China internet stocks lost ground Wednesday following a report in The Wall Street Journal that the Biden Administration intends to make it harder for chip makers
Nvidia
and
Advanced Micro Devices
to sell their most advanced processors to Chinese companies working on generative artificial intelligence applications. 

The group of companies that would be affected by a ban includes China’s largest internet players—
Baidu
(ticker: BAIDU),
Alibaba
(BABA),
Tencent
(TCEHY) and privately held ByteDance, parent of TikTok.

Last August, Nvidia (NVDA) warned that it could lose up to $400 million of quarterly sales from the U.S. government’s imposition of new licensing requirements on the sale of some of its most advanced chips to customers in China. The Biden Administration said at the time that it was worried the chips could fall into the hands of China’s military. For Nvidia, the original ban covered its popular A100 and H100 chips, used to train large language models.

Nvidia responded by creating less-powerful chips for the China market—the A800 and H800—but according to the Journal, the new restrictions would also ban export of those chips without a license.

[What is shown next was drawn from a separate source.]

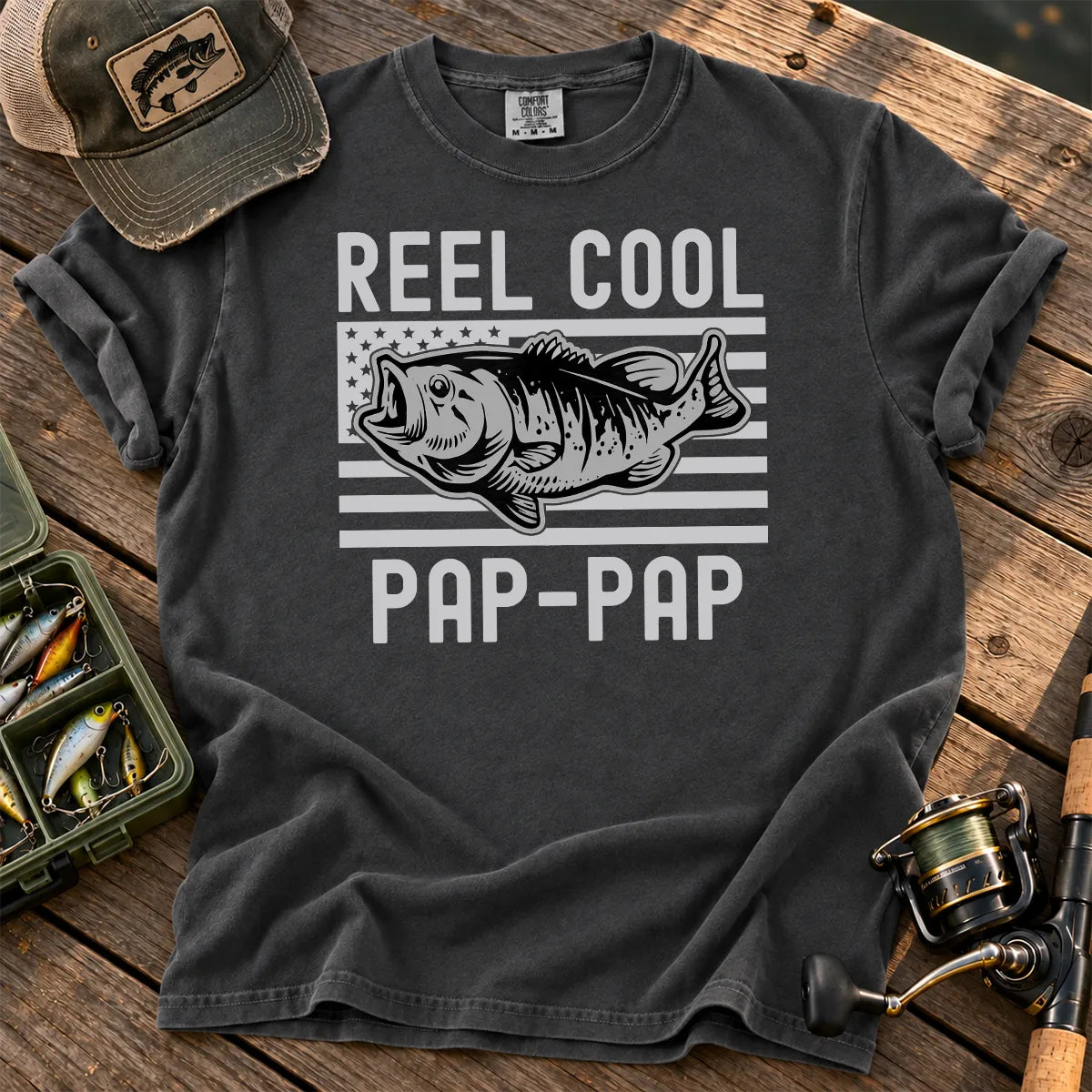 Reel Cool Pap-Pap T-Shirt in Pepper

At an investment conference Wednesday, Nvidia CFO Collette Kress said that she doesn’t expect any near-term impact from the expansion of export restrictions to cover the A800 and H800. But Citi analyst Atif Malik wrote in a research note that over time, restrictions on Nvidia’s ability to sell to Chinese customers could be an issue. He notes that Nvidia’s sales to China have historically been in the 20% to 25% range. 

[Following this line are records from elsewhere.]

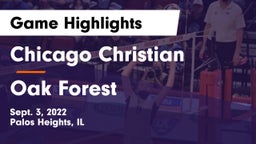 Chicago Christian  vs Oak Forest  Game Highlights - Sept. 3, 2022
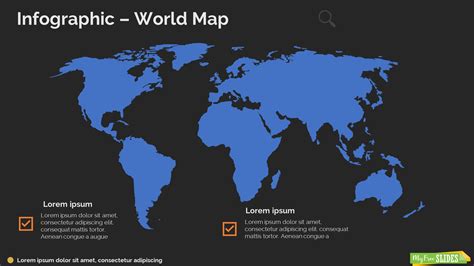 World Map Infographic Template for Demographic PPTs : MyFreeSlides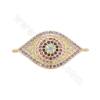 Brass Micro Pave Cubic Zirconia Eyes Connector Charms Size 30x16mm Hole 1mm Gold/Platinum/Rose Gold /Gun Black Plated 2pcs/Pack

Earlier this month, the South China Morning Post reported that China’s big tech firms were scrambling to find replacement parts for Nvidia’s processors. That story cited a commentary in the state owned Economic Daily asserted that China’s AI sector was being slowed by a shortage of GPUs and other components.

Baidu and TenCent declined to comment on the Journal report; the other affected China companies didn’t immediately respond to a request for comment.

In U.S. trading Wednesday, Alibaba was down 2.6%, Baidu was off 1.6% and Tencent was 2% lower.